DATA BLOCK:

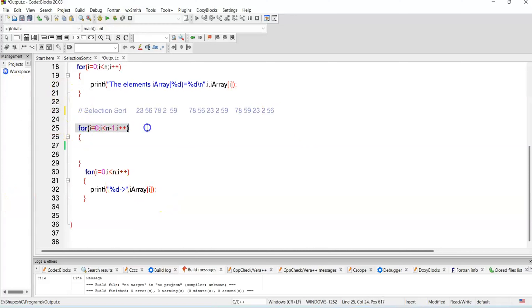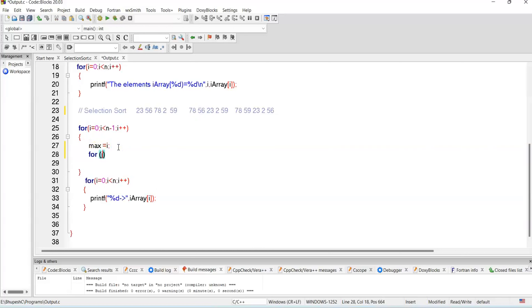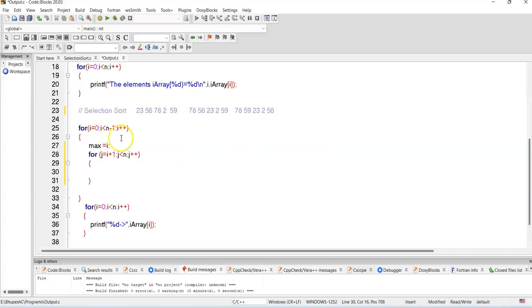With n elements we will have n minus one passes. I take a variable max and set max equal to i, the first element. Then I start another loop which starts from i plus one — the next element. If i is zero, the next element is i plus one equals one; if i is one, i plus one gives two. The inner loop j goes till n, the last element, with j incrementing each time.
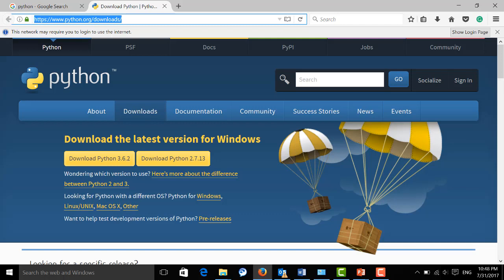Anyway, here we are going to use the latest version. So just download this version, 3.6.2.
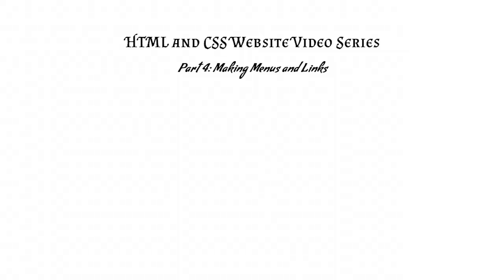Hello again, and welcome to part 4 of my series on building a website using HTML and CSS. This time, we'll be working on making menus and links.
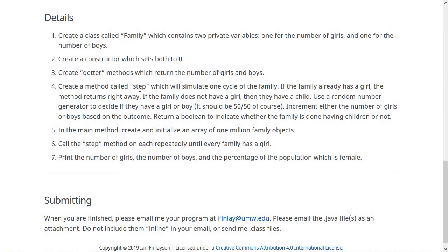The crux of this is going to be a method called step, which will simulate one step of this family having children. When you call step, it's going to check if the family already has a girl or not. If it does, it returns right away. If the family does not have a girl, then they have a child and you should use a random number generator to decide if they have a girl or boy, which should be 50-50. If they have a boy, you increment the number of boys; if they have a girl, you increment the number of girls. Return a boolean to indicate whether the family is done — return true if they have a girl, false if they have a boy.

DIRECTIONS FOR THIS TASK: Repeat the exact lines from the first line of the data through the line containing "Hello again, and". Nothing else, no pictures.

SOLUTION TO THIS TASK:
With n elements we will have n minus one passes. I take a variable max and set max equal to i, the first element. Then I start another loop which starts from i plus one — the next element. If i is zero, the next element is i plus one equals one; if i is one, i plus one gives two. The inner loop j goes till n, the last element, with j incrementing each time.
Anyway, here we are going to use the latest version. So just download this version, 3.6.2.
Hello again, and welcome to part 4 of my series on building a website using HTML and CSS. This time, we'll be working on making menus and links.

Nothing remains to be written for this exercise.